_Description of the task_
Return the lines that run from the beginning of the entries to the line holding "14258 146th Place", inclusive, and drop the pictures.

[Recorded data]
◇ ◇ ◇ ◇ ◇ ◇ ◇

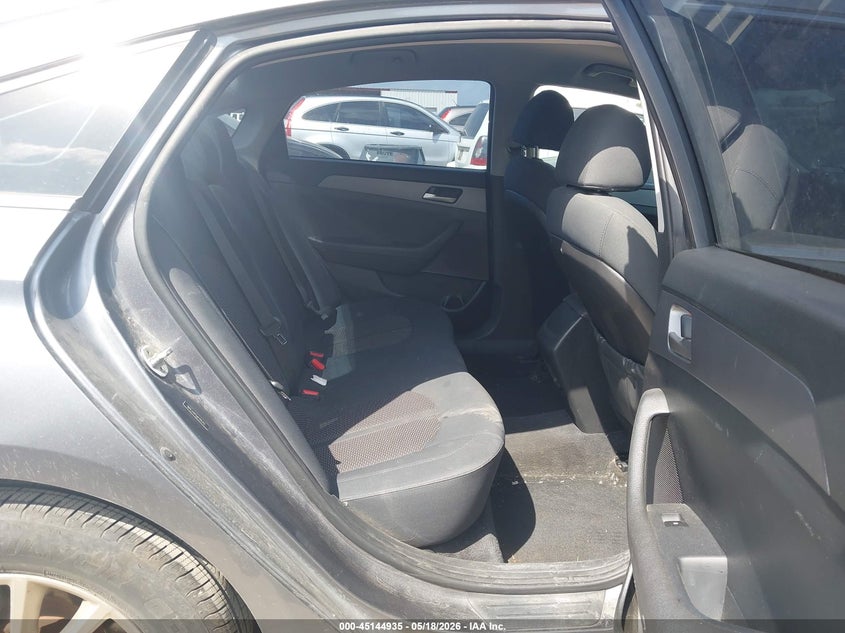 VIN 5NPE24AF0JH705315 2018 HYUNDAI SONATA SE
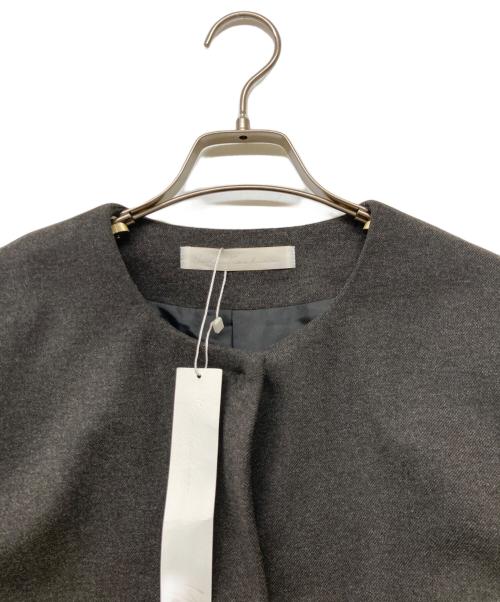 yuka koshino（ユカコシノ）yuka koshino (ユカコシノ) ノーカラージャケット グレー×ブラック サイズ:SIZES 未使用品の古着・服飾アイテム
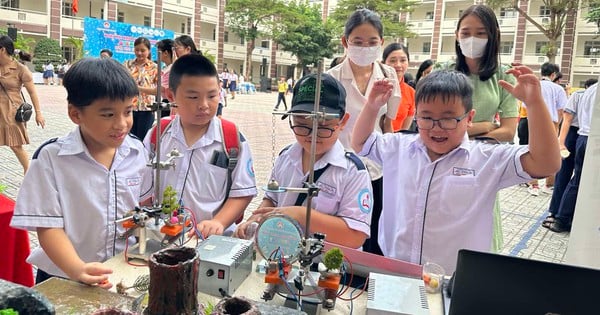 Students experience scientific research from practice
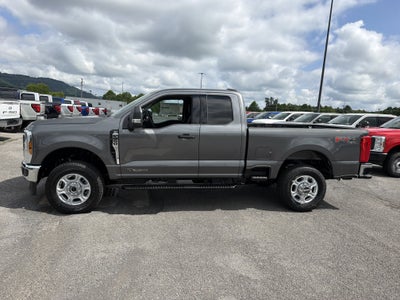 2026 Ford Super Duty F-350 SRW XLT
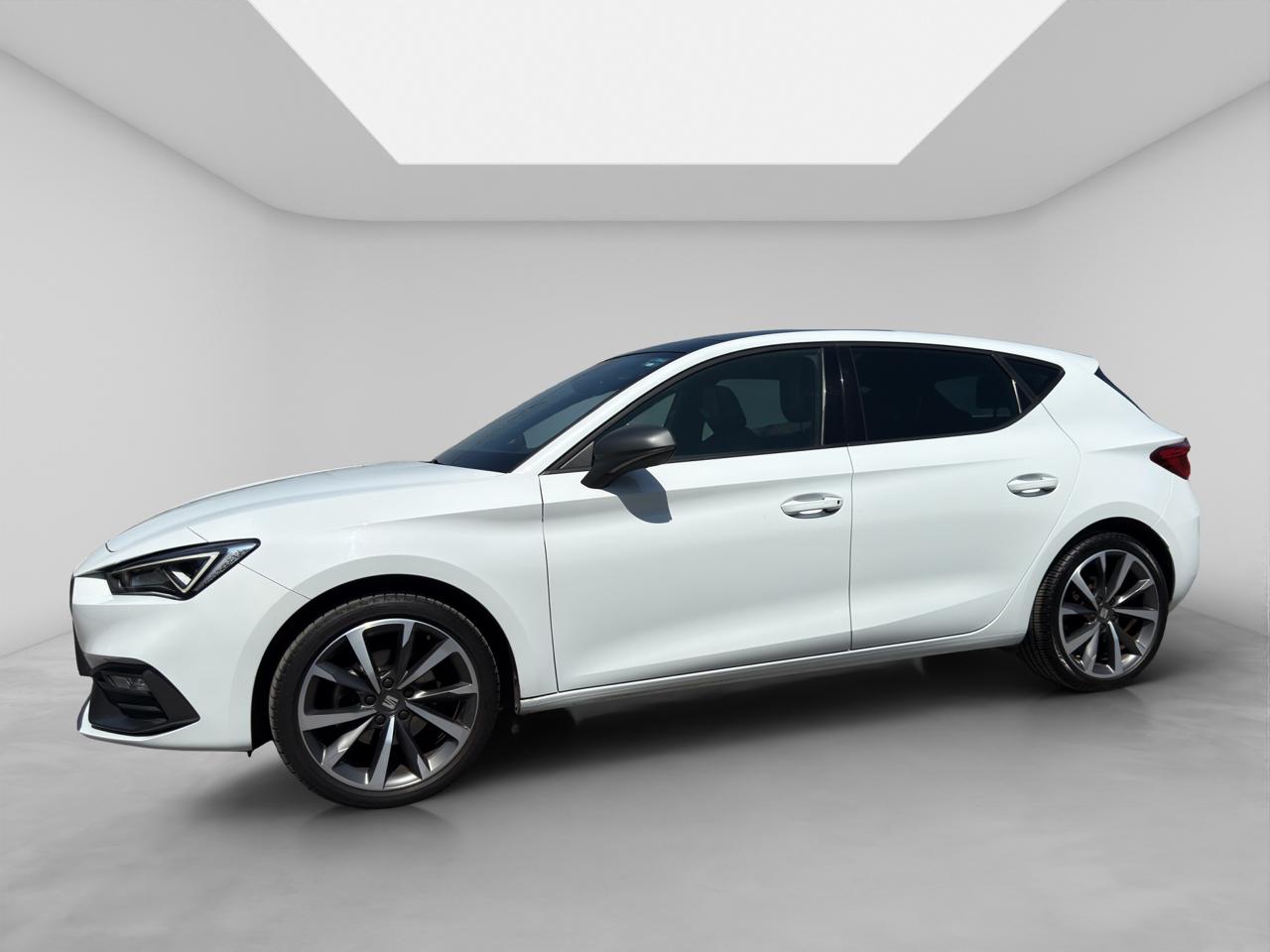 2022 Seat Leon 1.4 Style L4 150 HP At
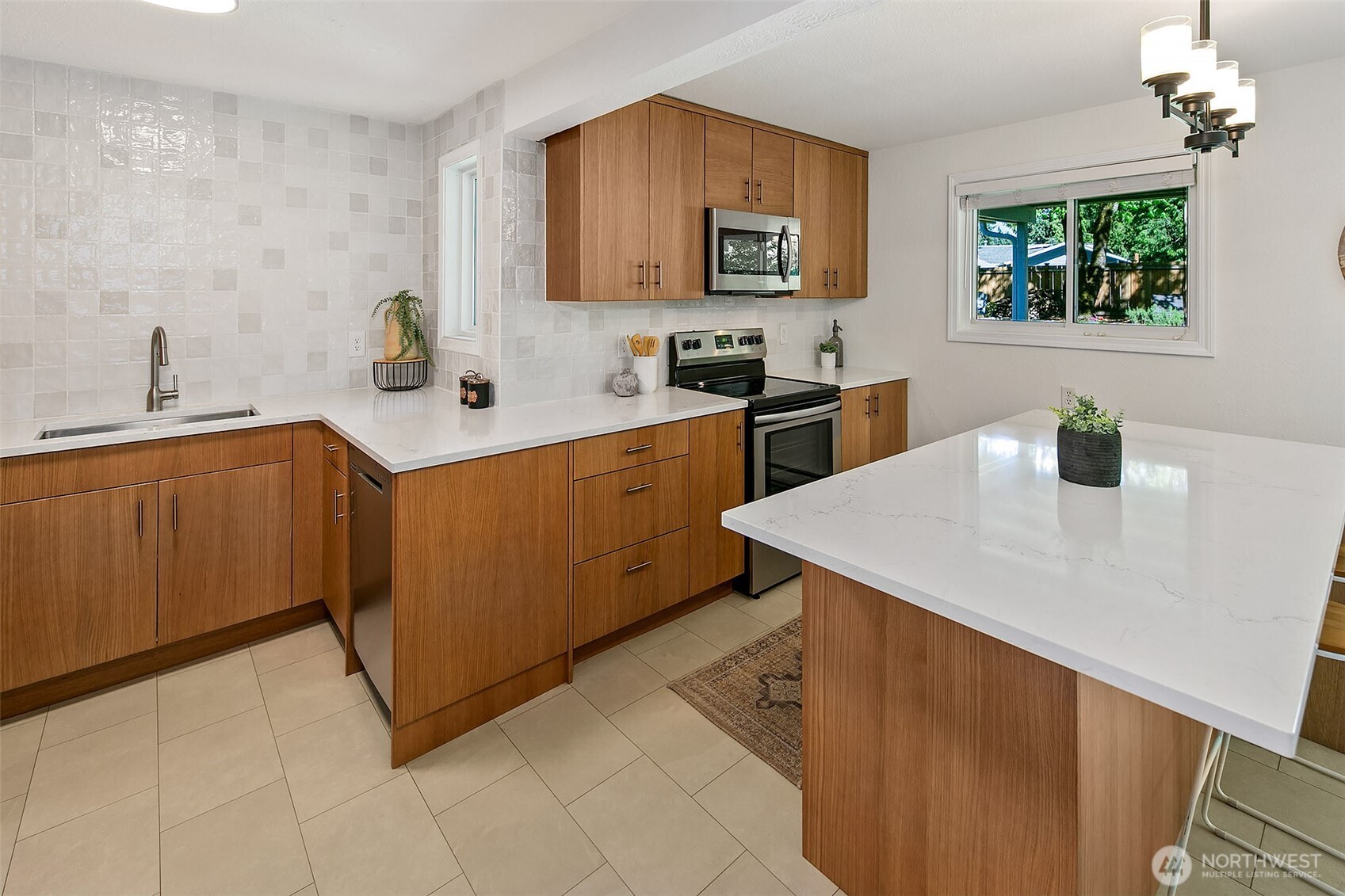 14258 146th Place Southeast Renton, WA 98059 - Photo 8 of 33 Gallery Image 8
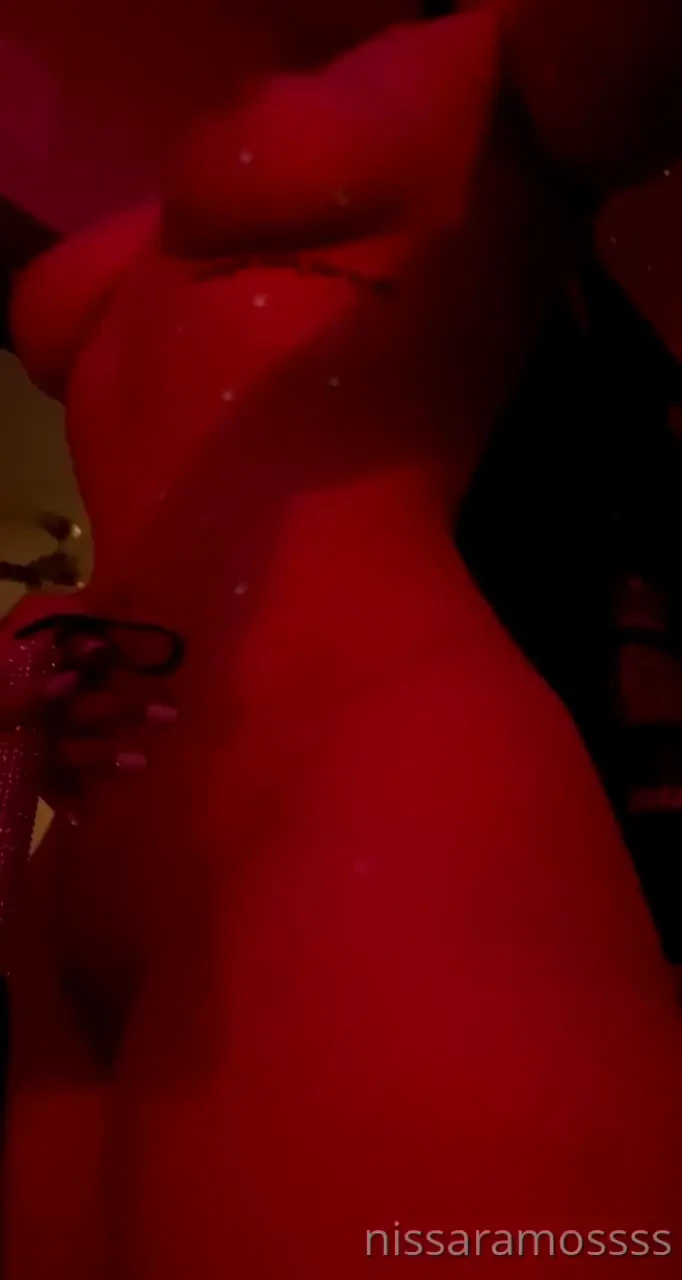 Say yes mami if you think you can handle a tall baddie like me i m not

◇ ◇ ◇ ◇ ◇ ◇ ◇

_Result of the task_
 VIN 5NPE24AF0JH705315 2018 HYUNDAI SONATA SE
 yuka koshino（ユカコシノ）yuka koshino (ユカコシノ) ノーカラージャケット グレー×ブラック サイズ:SIZES 未使用品の古着・服飾アイテム
 Students experience scientific research from practice
 2026 Ford Super Duty F-350 SRW XLT
 2022 Seat Leon 1.4 Style L4 150 HP At
 14258 146th Place Southeast Renton, WA 98059 - Photo 8 of 33 Gallery Image 8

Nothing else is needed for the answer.